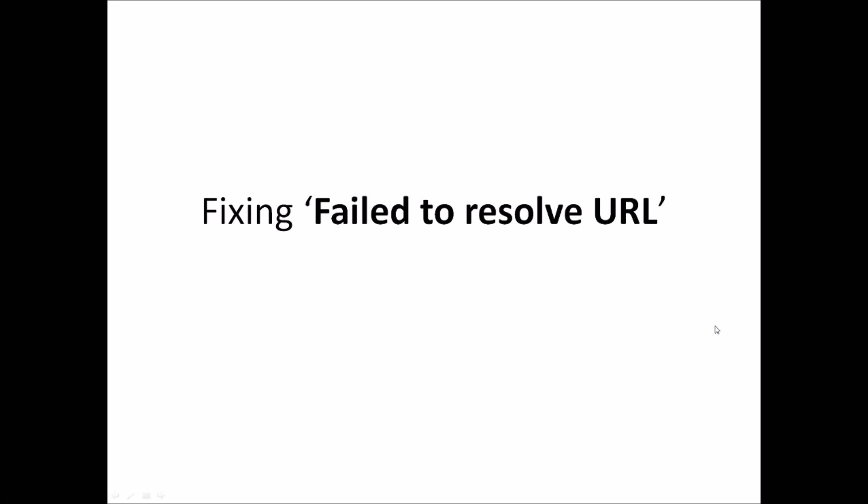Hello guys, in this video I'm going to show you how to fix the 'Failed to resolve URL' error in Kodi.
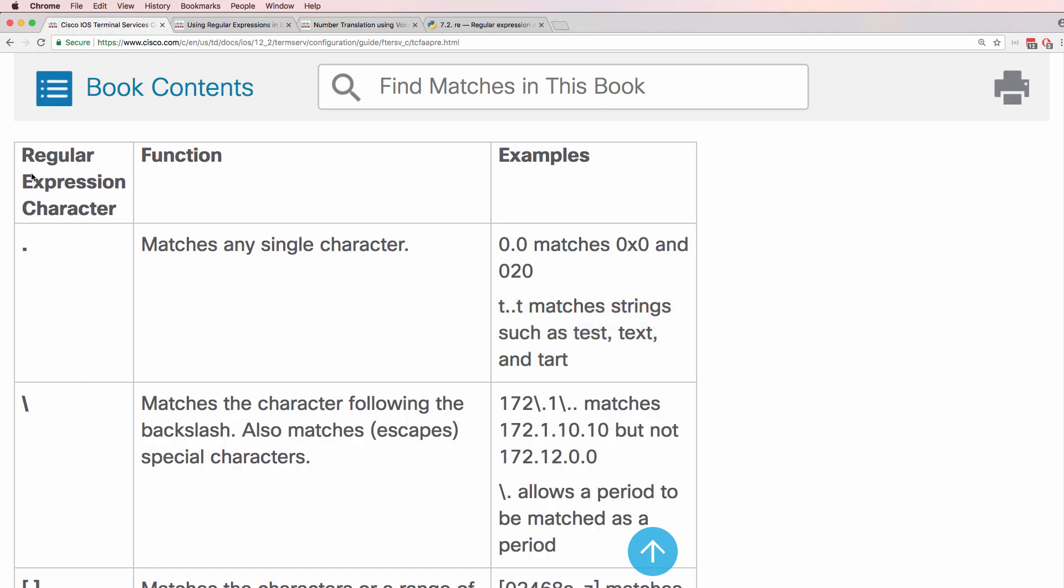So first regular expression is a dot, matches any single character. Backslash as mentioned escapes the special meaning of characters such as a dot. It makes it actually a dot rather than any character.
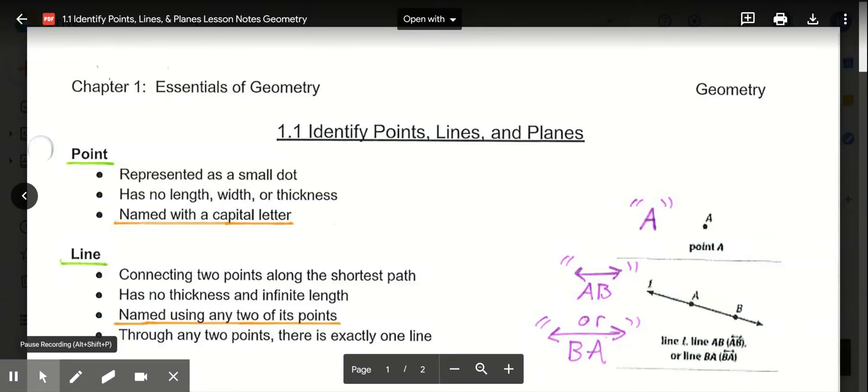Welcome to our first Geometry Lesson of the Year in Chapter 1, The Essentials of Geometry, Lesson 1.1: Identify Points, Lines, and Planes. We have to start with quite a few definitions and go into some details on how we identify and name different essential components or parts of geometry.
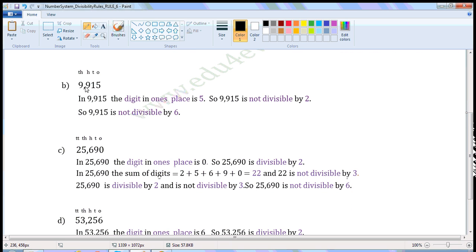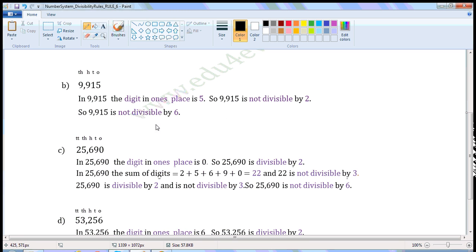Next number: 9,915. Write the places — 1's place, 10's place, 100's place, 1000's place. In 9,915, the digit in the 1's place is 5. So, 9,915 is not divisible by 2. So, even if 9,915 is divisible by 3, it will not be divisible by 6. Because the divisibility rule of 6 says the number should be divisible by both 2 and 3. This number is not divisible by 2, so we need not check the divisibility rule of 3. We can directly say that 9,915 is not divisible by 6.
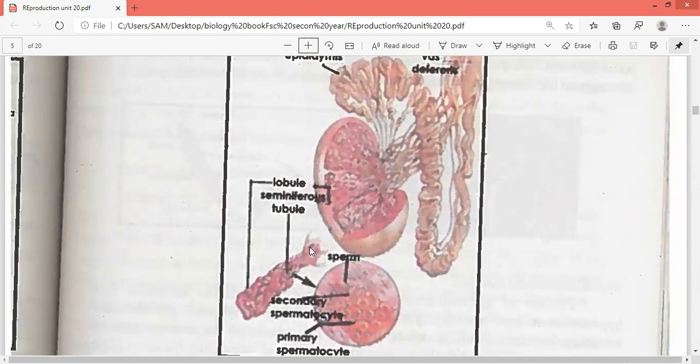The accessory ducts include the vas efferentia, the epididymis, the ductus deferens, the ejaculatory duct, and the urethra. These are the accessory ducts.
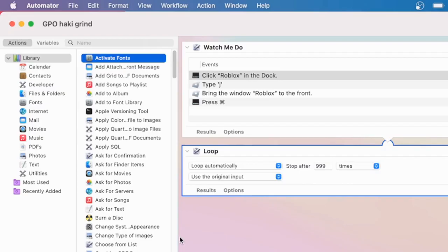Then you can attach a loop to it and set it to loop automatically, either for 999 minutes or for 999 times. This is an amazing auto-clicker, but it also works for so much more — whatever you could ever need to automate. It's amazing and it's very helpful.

══════════════════════════════

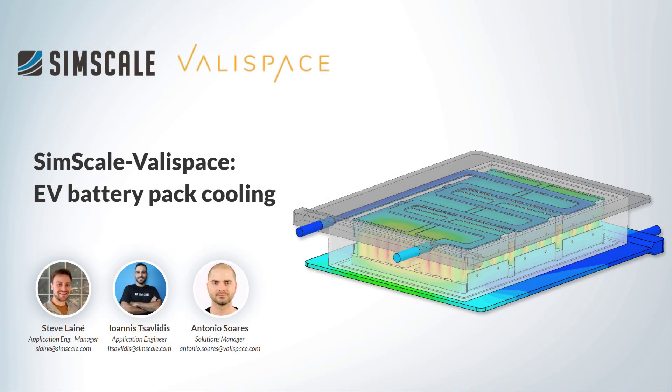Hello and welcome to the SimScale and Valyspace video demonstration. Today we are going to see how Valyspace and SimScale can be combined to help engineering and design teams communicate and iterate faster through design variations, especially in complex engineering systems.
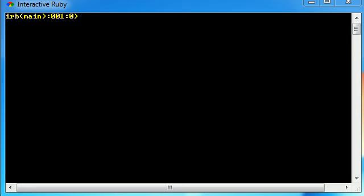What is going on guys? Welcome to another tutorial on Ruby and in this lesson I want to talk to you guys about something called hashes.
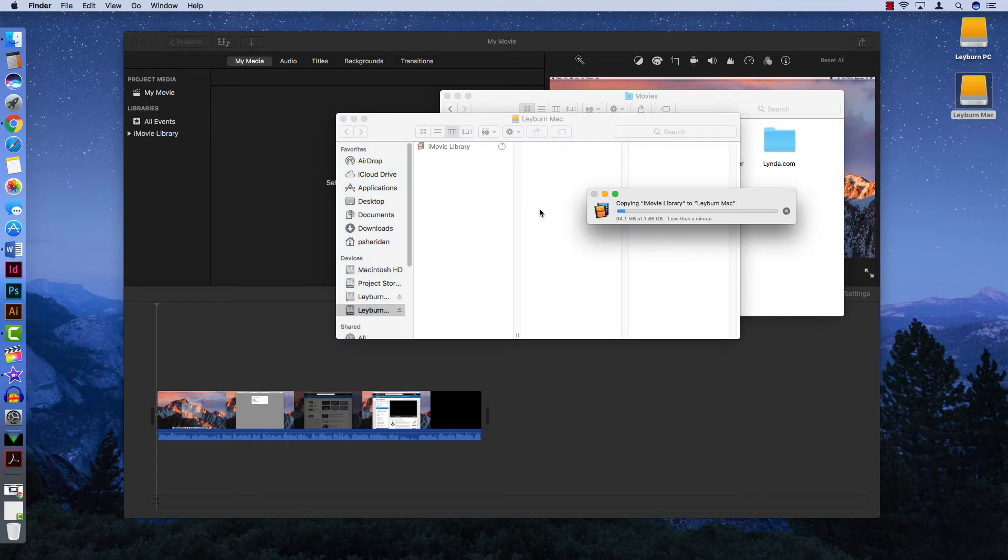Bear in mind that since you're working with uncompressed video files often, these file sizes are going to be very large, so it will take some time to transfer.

══════════════════════════════

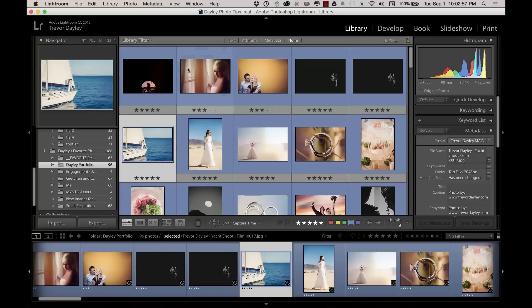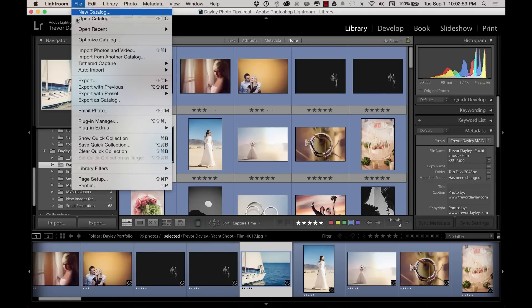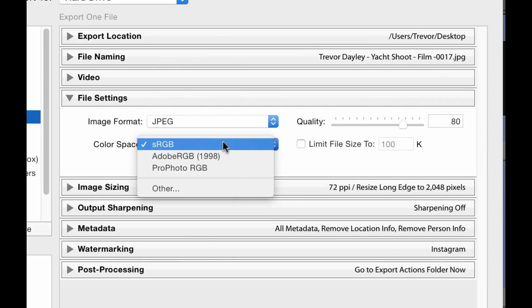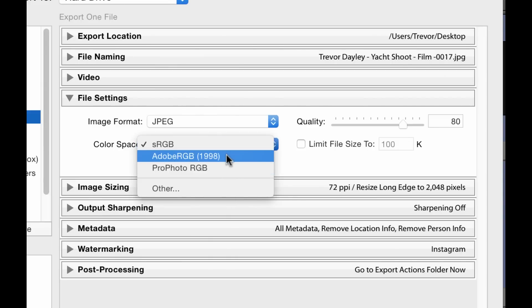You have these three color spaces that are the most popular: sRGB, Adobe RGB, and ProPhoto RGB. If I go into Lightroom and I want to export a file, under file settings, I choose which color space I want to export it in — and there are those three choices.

══════════════════════════════

**WHAT YOU NEED TO DO:**
Copy exactly, without pictures, the lines above from the one with "Hello guys, in" down to the one with "Then you can", inclusive.

**RESPONSE BOX:**
Hello guys, in this video I'm going to show you how to fix the 'Failed to resolve URL' error in Kodi.
So first regular expression is a dot, matches any single character. Backslash as mentioned escapes the special meaning of characters such as a dot. It makes it actually a dot rather than any character.
Welcome to our first Geometry Lesson of the Year in Chapter 1, The Essentials of Geometry, Lesson 1.1: Identify Points, Lines, and Planes. We have to start with quite a few definitions and go into some details on how we identify and name different essential components or parts of geometry.
Next number: 9,915. Write the places — 1's place, 10's place, 100's place, 1000's place. In 9,915, the digit in the 1's place is 5. So, 9,915 is not divisible by 2. So, even if 9,915 is divisible by 3, it will not be divisible by 6. Because the divisibility rule of 6 says the number should be divisible by both 2 and 3. This number is not divisible by 2, so we need not check the divisibility rule of 3. We can directly say that 9,915 is not divisible by 6.
The accessory ducts include the vas efferentia, the epididymis, the ductus deferens, the ejaculatory duct, and the urethra. These are the accessory ducts.
Then you can attach a loop to it and set it to loop automatically, either for 999 minutes or for 999 times. This is an amazing auto-clicker, but it also works for so much more — whatever you could ever need to automate. It's amazing and it's very helpful.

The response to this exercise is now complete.